Hi everyone,
basically I am trying to count how many unique customers I had in a period and that worked well with dc(clientid).
Until I wanted to know "How many unique Customers do I have by product group"
|stats dc(clientid) as Customers by year quarter product_toplevel product_lowerlevel
which, when for example looking at only 1 specific client who purchased 3 products within one group can return entries like
year | quarter | product_toplevel | product_lowerlevel | Customers |
2022 | 1 | Group A | Article 1 | 1 |
2022 | 1 | Group A | Article 2 | 1 |
2022 | 1 | Group A | Article 3 | 1 |
Now Splunk is not wrong here. Looking at each product there is 1 unique customer. However if I were to sum up the Customers-column it would look like I have 3 Customers in total.
I would much rather have it return the value "0.3" for "Customers" in the above example so that I can export the table to excel and work with pivot-tables while retaining the 'correct' total of unique customers.
For that purpose I intend to use eventstats to create a sort of column-total and then divide the value of Customers by that column total.
But I can not figure out how to do it. Any ideas?
Your approach seems reasonable. "Generalized" stats can give you only one overall "division" across your data. So you can't have two different numbers (for example - one "by product" and another "by customer" only using stats alone).
So counting with eventstats does seem the way to go but I don't quite understand why you would like to have 0.3 (I assume you meant 1/3=0.33(3)) customer per row.
The general idea would be something like that:
| eventstats dc(Customers) as Customers count by year
| eval Customers_per_total=Customers/count
But as I said - I fail to see the point in such calculation.
Hey, thank you very much. Yes, you got it exactly right.

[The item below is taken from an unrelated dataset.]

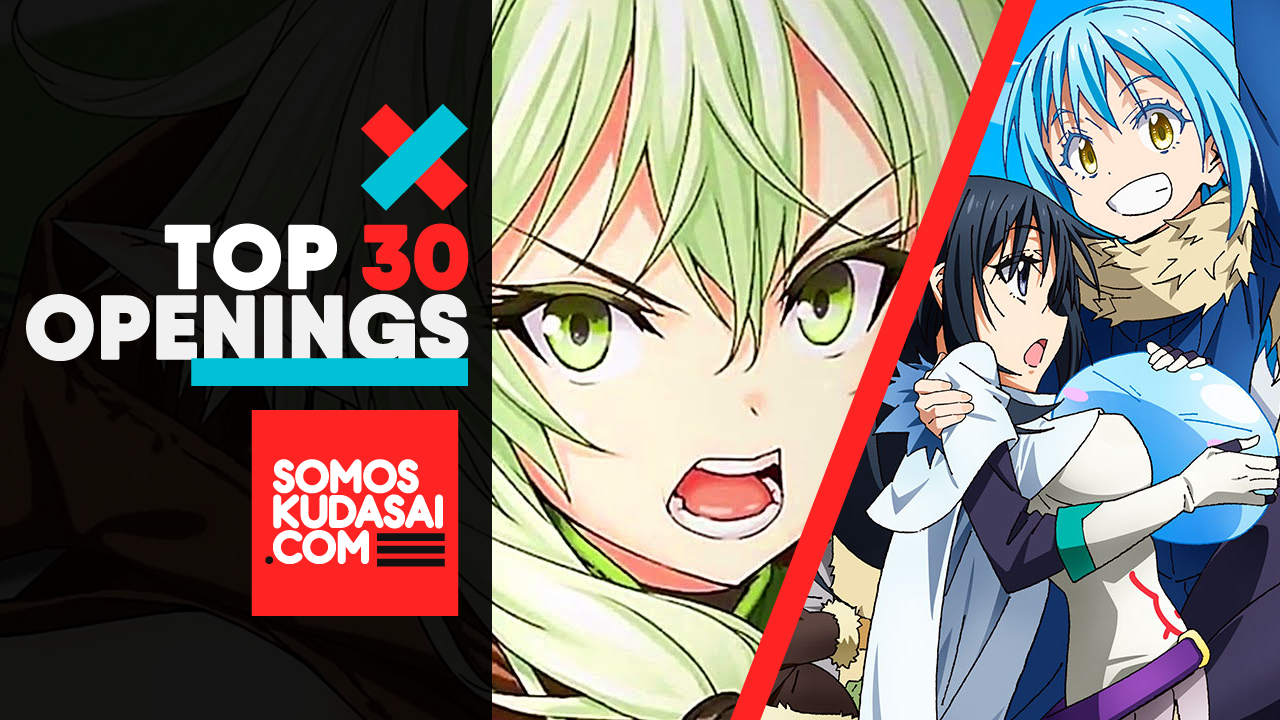 Video Los Mejores Openings De Anime De La Temporada Oto O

Also for other people who might stumble accros this thread:
When naming fields that are populated with numbers like counted fields it helps to use 1-word names like UniqueCustomers or use underscores like Unique_Customers. If you use "Unique Customers" like I did eval will treat the values of that fields as string even though it is a number and it will not do calculations.

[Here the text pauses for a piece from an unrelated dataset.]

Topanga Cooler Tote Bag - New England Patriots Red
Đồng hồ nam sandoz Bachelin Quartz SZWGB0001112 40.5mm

Maybe I oversimplified the explanation of my report but in the full report I group my customers by age, gender, regions, zones within that region, Customer type and Sales Channel. With all that added I fear that some groups of cusotmers might be over- or underrepresented and this calculation aims to compensate for that. Although maybe my thoughts take a wrong turn somewhere.

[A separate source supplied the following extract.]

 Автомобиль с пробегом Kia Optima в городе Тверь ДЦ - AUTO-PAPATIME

Your approach seems reasonable. "Generalized" stats can give you only one overall "division" across your data. So you can't have two different numbers (for example - one "by product" and another "by customer" only using stats alone).
So counting with eventstats does seem the way to go but I don't quite understand why you would like to have 0.3 (I assume you meant 1/3=0.33(3)) customer per row.
The general idea would be something like that:
| eventstats dc(Customers) as Customers count by year
| eval Customers_per_total=Customers/count
But as I said - I fail to see the point in such calculation.